AnalyzeTableCommand Logical Command¶
AnalyzeTableCommand
is a LeafRunnableCommand that computes statistics (and stores them in a metastore).
Creating Instance¶
AnalyzeTableCommand
takes the following to be created:
- Multi-part table identifier
-
noScan
flag (default:true
that indicates whether NOSCAN option was used or not)
AnalyzeTableCommand
is created when:
- ResolveSessionCatalog logical resolution rule is executed (and resolves an AnalyzeTable logical operator with no
PARTITION
s)
Executing Command¶
RunnableCommand
run(
sparkSession: SparkSession): Seq[Row]
run
is part of the RunnableCommand abstraction.
run
returns an empty collection.
Demo¶
AnalyzeTableCommand¶
// Seq((0, 0, "zero"), (1, 1, "one")).toDF("id", "p1", "p2").write.partitionBy("p1", "p2").saveAsTable("t1")
val sqlText = "ANALYZE TABLE t1 COMPUTE STATISTICS NOSCAN"
val plan = spark.sql(sqlText).queryExecution.logical
import org.apache.spark.sql.execution.command.AnalyzeTableCommand
val cmd = plan.asInstanceOf[AnalyzeTableCommand]
scala> println(cmd)
AnalyzeTableCommand `t1`, false
CREATE TABLE¶
sql("CREATE TABLE demo_cbo VALUES (0, 'zero'), (1, 'one') AS t1(id, name)")
scala> sql("desc extended demo_cbo").show(numRows = Integer.MAX_VALUE, truncate = false)

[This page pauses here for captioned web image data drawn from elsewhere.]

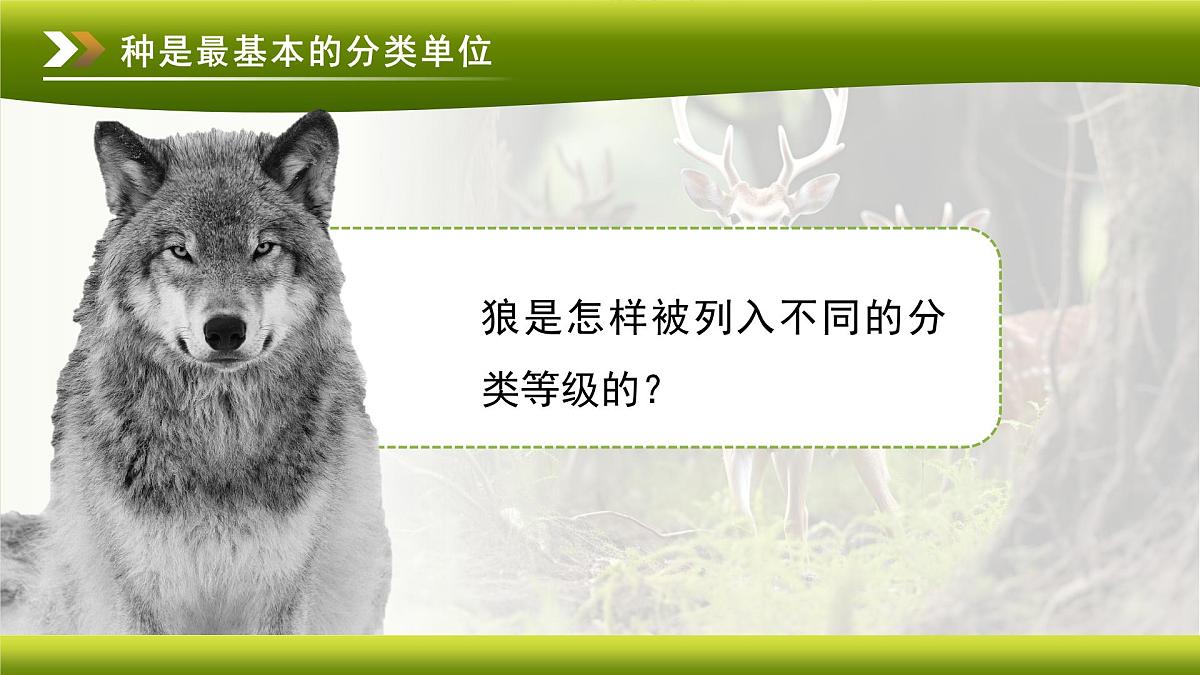 3.4.2 第二节 从种到界 课件 生物鲁科版（2024）七年级下册第四章第7页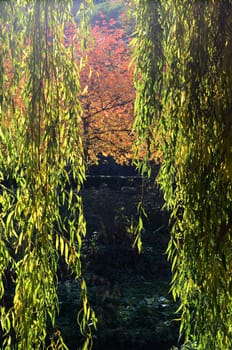 autumn
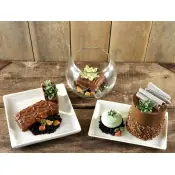 Moule En Silicone Fleurs Et Bourgeons De Succulentes Ud83euddc1 Planu00e8te Gateau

+----------------------------+----------------------------------------------------------+-------+
|col_name |data_type |comment|
+----------------------------+----------------------------------------------------------+-------+
|id |int |null |
|name |string |null |
| | | |
|# Detailed Table Information| | |
|Database |default | |
|Table |demo_cbo | |
|Owner |jacek | |
|Created Time |Sat Feb 12 19:51:15 CET 2022 | |
|Last Access |UNKNOWN | |
|Created By |Spark 3.2.1 | |
|Type |MANAGED | |
|Provider |hive | |
|Table Properties |[transient_lastDdlTime=1644691875] | |
|Statistics |13 bytes | |
|Location |file:/Users/jacek/dev/oss/spark/spark-warehouse/demo_cbo | |
|Serde Library |org.apache.hadoop.hive.serde2.lazy.LazySimpleSerDe | |
|InputFormat |org.apache.hadoop.mapred.TextInputFormat | |
|OutputFormat |org.apache.hadoop.hive.ql.io.HiveIgnoreKeyTextOutputFormat| |
|Storage Properties |[serialization.format=1] | |
|Partition Provider |Catalog | |
+----------------------------+----------------------------------------------------------+-------+
ANALYZE TABLE COMPUTE STATISTICS¶
sql("ANALYZE TABLE demo_cbo COMPUTE STATISTICS")
Note the extra Statistics
row.
scala> sql("desc extended demo_cbo").show(numRows = Integer.MAX_VALUE, truncate = false)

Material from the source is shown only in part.